Task directions → Nothing outside the lines below from the one containing "看懂显卡信息，更好把握游戏性能！从显卡参数到游戏测试全解析" through the one containing "Human RBP4 PicoKine ELISA Kit standard curve" is to be printed; print those exactly, ends included, and drop the pictures.

Study material →
----------------------------------------
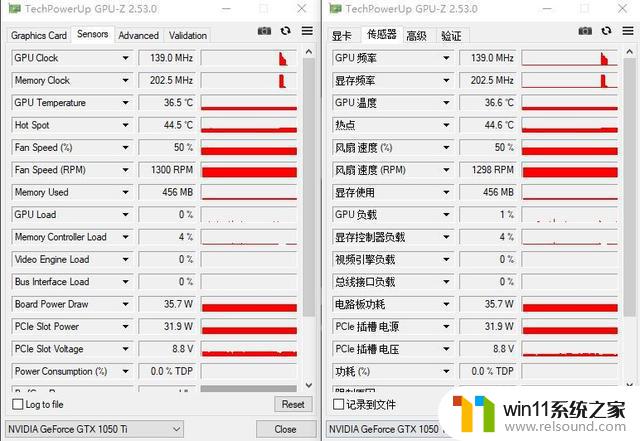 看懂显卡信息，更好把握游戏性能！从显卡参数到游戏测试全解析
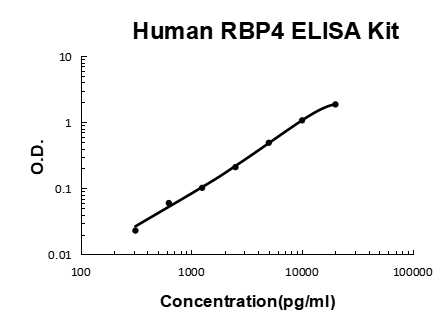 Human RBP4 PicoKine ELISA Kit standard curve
----------------------------------------
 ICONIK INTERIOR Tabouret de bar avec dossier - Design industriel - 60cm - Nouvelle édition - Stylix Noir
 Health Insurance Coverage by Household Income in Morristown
----------------------------------------
Answer box →
 看懂显卡信息，更好把握游戏性能！从显卡参数到游戏测试全解析
 Human RBP4 PicoKine ELISA Kit standard curve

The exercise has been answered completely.